Qatari charity head gives millions to European Muslim Brotherhood-linked bodies

Some of the money has gone to groups linked to a hate preacher banned in the UK

Egyptian Cleric and chairman of the International Union of Muslim Scholars Sheikh Yusuf al-Qaradawi attends a seminar entitled 'Jerusalem and Al-Aqsa between conspiracy and confrontation' in the Qatari capital Doha on May 11, 2014. AFP PHOTO/AL-WATAN DOHA/KARIM JAAFAR == QATAR OUT == (Photo by KARIM JAAFAR / AL-WATAN DOHA / AFP)

The head of a Qatari charity that founded a website instructing Muslims to hate Jews and Christians is behind more than £28.2 million (Dh131.4 m) in donations given to a UK benevolent fund.

Some of the money has recently been given to a group with links to hate preacher Yusuf Al Qaradawi, who is banned in the UK and is believed to be the spiritual leader of the Muslim Brotherhood. Millions have also been used to build a mosque whose trustee is a former president of the Muslim Brotherhood’s European arm.

The Muslim Brotherhood, which began in Egypt in 1928, has been outlawed in Saudi Arabia, Egypt and the UAE and is shortly due to be added to the US’s list of banned organisations.

The organisation is not banned in the UK but a 2015 report for the British government made a series of damning assessments of its activities in the country.

The Nectar Trust has given the Institute European des Sciences Humanitarian (IESH), a France based Islamic education institution, almost £1m in the last three years. A sum of £86,196 was spent by the Nectar Trust last year to benefit the IESH, which publishes fatwas following the guidance of the European Council on Fatwa and Research (ECFR).

The former president of the council is Al Qaradawi who recently courted controversy for creating an app in which he made derogatory references to Jews. The ECFR has promoted a controversial fatwa guidance App on Apple Store and other sales platforms. Despite demands for it to be pulled, the platform remains available.
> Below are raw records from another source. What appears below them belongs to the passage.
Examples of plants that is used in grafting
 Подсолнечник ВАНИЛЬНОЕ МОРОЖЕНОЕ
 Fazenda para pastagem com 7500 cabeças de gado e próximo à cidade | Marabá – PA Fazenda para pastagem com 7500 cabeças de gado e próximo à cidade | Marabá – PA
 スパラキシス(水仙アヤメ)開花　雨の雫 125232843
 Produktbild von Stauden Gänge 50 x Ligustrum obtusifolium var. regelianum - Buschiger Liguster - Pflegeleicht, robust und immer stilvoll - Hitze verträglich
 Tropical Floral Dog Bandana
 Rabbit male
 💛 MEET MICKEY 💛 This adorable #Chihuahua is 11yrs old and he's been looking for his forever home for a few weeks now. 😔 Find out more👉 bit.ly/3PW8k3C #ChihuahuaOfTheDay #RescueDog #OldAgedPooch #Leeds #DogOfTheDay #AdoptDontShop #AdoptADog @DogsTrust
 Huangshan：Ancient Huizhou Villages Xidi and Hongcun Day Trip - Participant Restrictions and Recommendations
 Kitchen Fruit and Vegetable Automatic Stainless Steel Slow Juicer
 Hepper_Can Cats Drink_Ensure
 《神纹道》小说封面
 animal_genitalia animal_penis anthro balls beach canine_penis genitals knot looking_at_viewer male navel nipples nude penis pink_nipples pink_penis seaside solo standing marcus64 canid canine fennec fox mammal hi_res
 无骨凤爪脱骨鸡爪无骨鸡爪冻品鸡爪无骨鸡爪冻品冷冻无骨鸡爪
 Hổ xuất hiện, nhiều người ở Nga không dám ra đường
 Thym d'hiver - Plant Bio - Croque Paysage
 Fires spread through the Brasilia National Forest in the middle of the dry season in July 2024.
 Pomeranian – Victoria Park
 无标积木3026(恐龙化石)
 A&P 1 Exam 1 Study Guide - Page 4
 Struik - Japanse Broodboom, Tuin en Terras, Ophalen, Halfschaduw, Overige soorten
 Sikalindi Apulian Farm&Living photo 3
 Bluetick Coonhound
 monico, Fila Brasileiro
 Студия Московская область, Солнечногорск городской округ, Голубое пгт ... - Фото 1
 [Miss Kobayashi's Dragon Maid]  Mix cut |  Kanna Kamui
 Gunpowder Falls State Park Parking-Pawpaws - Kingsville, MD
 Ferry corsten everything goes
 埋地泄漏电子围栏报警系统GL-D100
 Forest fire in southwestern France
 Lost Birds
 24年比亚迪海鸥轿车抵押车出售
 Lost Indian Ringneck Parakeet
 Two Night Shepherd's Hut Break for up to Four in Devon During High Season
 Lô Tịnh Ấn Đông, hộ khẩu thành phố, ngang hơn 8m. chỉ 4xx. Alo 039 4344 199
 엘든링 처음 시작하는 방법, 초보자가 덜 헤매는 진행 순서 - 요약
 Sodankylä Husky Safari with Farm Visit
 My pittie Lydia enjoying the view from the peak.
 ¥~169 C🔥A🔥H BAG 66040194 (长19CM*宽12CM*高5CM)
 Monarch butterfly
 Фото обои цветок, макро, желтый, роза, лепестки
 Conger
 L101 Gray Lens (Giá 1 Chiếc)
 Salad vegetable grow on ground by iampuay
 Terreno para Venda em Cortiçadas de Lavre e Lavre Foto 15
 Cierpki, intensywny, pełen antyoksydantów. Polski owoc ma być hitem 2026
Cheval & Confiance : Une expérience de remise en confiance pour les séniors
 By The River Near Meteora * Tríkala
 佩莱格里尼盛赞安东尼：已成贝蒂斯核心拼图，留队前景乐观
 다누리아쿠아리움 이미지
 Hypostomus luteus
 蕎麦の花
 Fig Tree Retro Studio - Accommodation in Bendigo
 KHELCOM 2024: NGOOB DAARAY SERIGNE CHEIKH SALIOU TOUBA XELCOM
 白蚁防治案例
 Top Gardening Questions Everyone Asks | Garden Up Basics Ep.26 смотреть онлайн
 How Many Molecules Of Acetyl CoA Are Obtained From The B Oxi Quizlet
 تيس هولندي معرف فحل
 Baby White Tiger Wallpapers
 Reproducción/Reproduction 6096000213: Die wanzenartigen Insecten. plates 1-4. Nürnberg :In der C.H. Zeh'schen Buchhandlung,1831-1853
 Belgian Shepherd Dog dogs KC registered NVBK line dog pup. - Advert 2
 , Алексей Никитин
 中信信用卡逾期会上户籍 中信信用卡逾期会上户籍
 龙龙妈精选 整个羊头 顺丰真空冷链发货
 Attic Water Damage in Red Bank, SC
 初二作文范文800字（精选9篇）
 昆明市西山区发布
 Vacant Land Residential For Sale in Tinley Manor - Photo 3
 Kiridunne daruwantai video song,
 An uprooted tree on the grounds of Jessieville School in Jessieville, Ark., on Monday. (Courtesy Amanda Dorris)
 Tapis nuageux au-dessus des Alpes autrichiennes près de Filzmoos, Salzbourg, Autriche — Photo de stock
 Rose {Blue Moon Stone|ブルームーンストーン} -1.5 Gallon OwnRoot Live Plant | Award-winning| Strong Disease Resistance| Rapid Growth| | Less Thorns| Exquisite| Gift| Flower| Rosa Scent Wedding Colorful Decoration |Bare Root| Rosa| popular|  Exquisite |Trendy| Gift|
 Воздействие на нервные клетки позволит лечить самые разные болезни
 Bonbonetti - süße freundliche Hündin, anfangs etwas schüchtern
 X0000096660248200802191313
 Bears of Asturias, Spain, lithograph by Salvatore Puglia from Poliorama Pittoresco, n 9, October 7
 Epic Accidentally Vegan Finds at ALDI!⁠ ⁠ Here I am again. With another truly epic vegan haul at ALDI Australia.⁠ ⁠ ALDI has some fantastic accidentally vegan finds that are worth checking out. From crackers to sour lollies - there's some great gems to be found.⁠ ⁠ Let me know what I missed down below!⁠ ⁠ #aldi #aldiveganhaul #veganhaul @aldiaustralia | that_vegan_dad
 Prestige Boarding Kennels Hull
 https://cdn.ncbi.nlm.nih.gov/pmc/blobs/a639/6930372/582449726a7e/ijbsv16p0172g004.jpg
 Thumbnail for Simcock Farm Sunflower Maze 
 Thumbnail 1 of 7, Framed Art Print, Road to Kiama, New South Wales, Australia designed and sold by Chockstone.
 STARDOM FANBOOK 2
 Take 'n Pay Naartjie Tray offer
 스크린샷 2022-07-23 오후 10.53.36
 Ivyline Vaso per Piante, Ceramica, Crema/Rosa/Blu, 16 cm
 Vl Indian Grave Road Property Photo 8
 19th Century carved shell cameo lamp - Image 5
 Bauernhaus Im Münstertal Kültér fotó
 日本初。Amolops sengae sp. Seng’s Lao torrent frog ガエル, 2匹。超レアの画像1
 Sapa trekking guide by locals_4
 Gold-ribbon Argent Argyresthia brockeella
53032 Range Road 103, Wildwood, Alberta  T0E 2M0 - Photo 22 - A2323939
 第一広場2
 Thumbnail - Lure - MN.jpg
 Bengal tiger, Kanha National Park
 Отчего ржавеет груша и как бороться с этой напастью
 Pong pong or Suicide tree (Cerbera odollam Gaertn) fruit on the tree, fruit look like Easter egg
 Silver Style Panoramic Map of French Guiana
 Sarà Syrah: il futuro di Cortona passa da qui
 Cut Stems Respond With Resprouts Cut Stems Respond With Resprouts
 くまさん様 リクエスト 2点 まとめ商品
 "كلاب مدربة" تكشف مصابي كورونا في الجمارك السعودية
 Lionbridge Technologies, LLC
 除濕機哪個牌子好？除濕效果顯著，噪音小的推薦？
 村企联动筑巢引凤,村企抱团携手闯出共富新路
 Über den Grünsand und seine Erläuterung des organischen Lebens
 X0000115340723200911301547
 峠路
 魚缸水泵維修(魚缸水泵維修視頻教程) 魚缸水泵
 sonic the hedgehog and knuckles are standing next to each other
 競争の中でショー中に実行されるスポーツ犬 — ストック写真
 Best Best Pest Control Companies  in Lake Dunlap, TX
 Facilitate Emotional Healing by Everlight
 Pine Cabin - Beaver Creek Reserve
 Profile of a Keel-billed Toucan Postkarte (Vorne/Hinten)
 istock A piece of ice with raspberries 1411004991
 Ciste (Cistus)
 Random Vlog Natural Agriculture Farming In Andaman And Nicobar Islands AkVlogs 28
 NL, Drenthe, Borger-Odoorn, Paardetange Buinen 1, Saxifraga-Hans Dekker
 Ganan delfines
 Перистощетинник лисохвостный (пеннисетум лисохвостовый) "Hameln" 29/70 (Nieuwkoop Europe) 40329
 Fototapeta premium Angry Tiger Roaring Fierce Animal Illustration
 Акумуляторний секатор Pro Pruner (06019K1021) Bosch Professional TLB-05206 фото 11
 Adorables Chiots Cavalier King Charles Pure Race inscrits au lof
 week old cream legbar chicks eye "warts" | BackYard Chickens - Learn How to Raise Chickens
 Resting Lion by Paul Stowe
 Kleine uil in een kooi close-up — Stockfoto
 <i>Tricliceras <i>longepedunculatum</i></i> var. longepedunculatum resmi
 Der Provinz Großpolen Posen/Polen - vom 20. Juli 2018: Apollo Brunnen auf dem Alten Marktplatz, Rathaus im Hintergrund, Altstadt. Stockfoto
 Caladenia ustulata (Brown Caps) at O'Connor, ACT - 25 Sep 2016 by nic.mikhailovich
Apple has said it is conducting a review.

Al Qaradawi, who lives in Qatar, is banned from the US, UK and France for his extremist views.

The Qatar Charity in Doha (also known as QC), which has also been connected with the Muslim Brotherhood and designated a proscribed organisation within the Arab Quartet for its links to terrorism, handed British charity the Nectar Trust £28.2m between 2017-2018.

The CEO of QC, Yousef Al Kuwari, is also the former chief executive of the Nectar Trust, the British arm of the Qatari body, which is behind a number of projects to build some of the largest multi-million-pound mosques across Europe.

He previously founded Islamweb, a website that issued edicts stating that it is “forbidden” to swear an oath to gain British citizenship and warned of Jews and Christians: “It is incumbent to hate them for the sake of Allah.”

Just a month prior to his links being made public in October 2017, the charity changed its name from the Qatar Charity UK to the Nectar Trust.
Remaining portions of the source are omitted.